| EXERCISE DETAILS |
Reproduction of part of the material below, pictures omitted: copy exactly, and only, the lines starting with the one with "Financial Trouble Concept" and going on through the one with "Mkono 6-pack iron".

| THE INPUT |
§ §
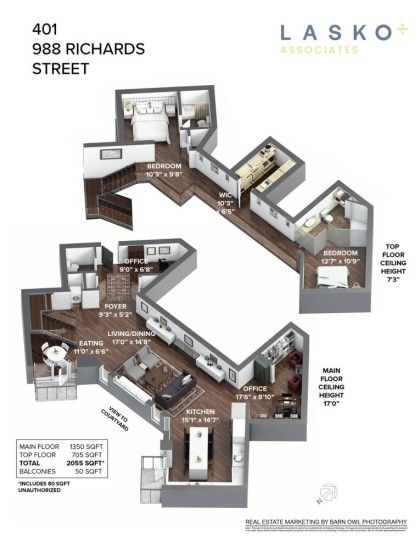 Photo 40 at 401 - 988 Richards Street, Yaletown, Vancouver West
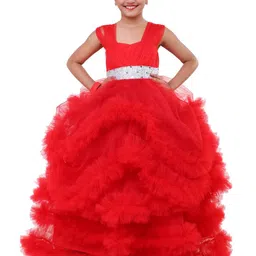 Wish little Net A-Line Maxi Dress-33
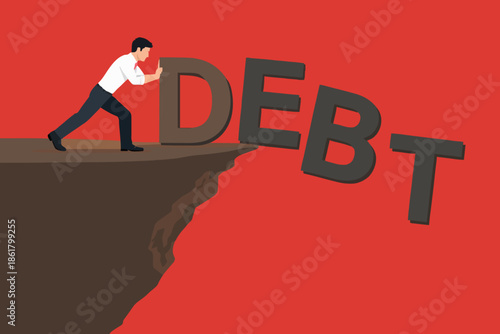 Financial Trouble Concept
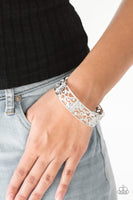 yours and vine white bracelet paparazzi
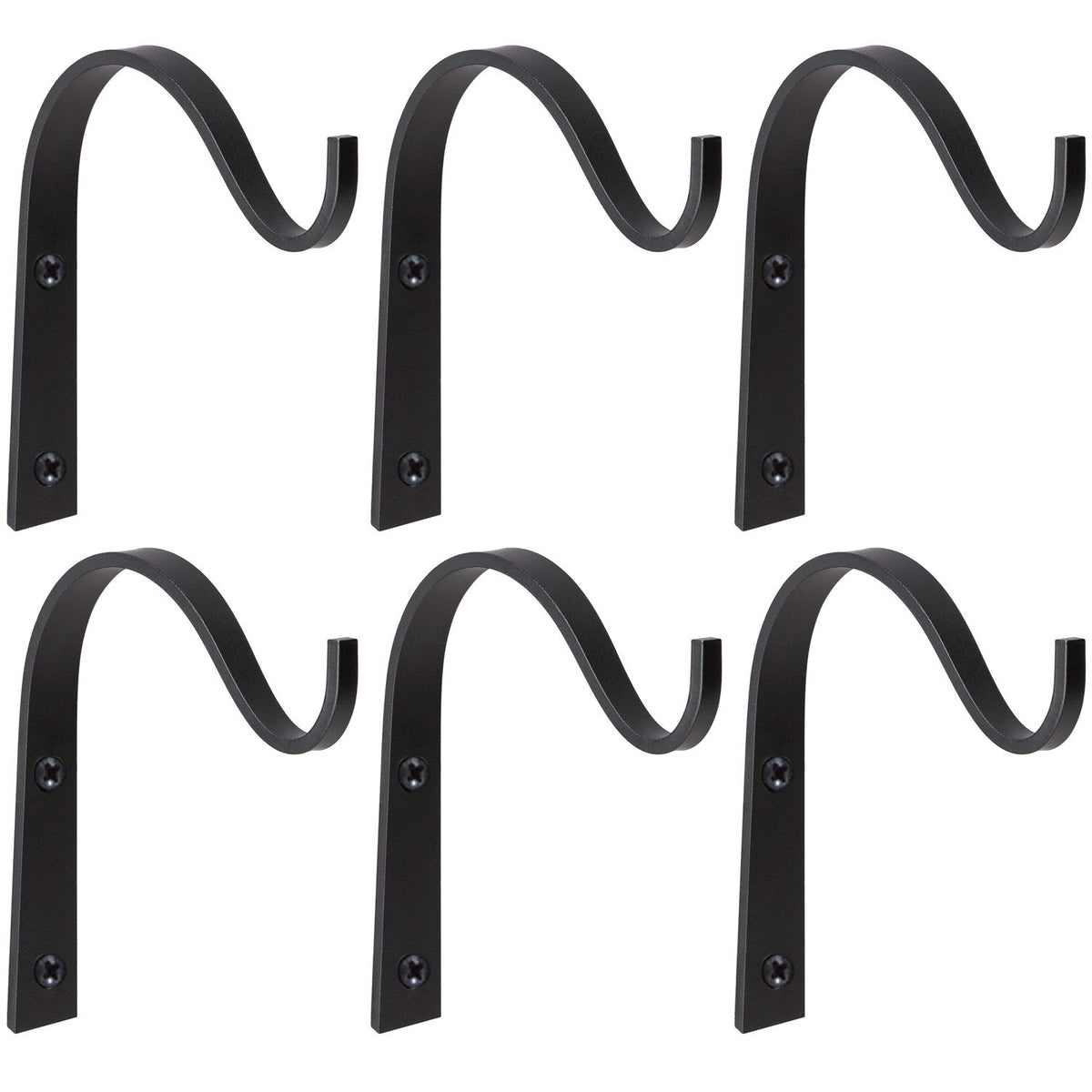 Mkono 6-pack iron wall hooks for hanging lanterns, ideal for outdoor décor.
§ §
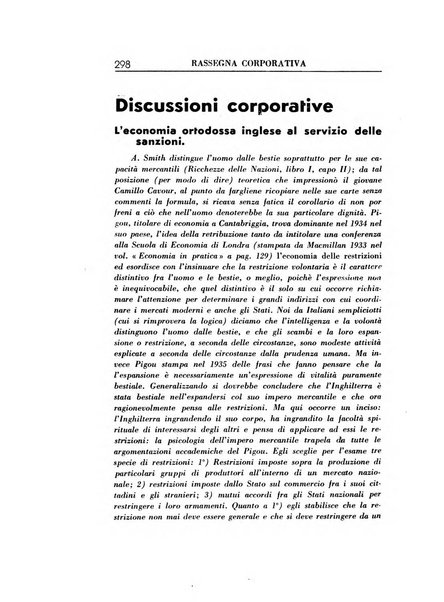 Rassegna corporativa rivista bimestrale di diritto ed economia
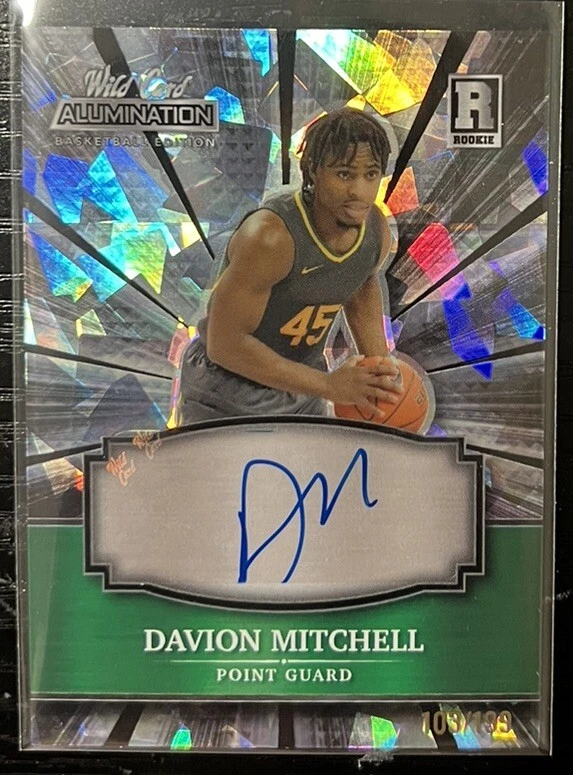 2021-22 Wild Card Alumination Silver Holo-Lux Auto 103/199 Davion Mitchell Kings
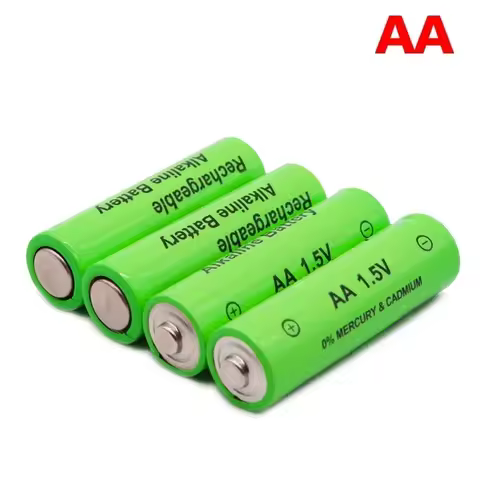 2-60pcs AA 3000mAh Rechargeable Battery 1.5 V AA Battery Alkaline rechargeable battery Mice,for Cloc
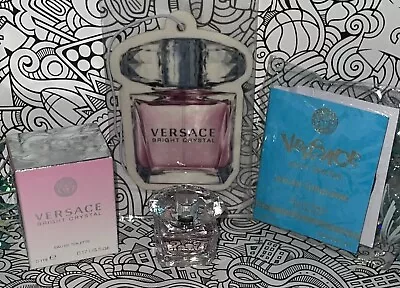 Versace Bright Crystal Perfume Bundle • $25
§ §
| SOLUTION BELOW |
 Financial Trouble Concept
 yours and vine white bracelet paparazzi
 Mkono 6-pack iron wall hooks for hanging lanterns, ideal for outdoor décor.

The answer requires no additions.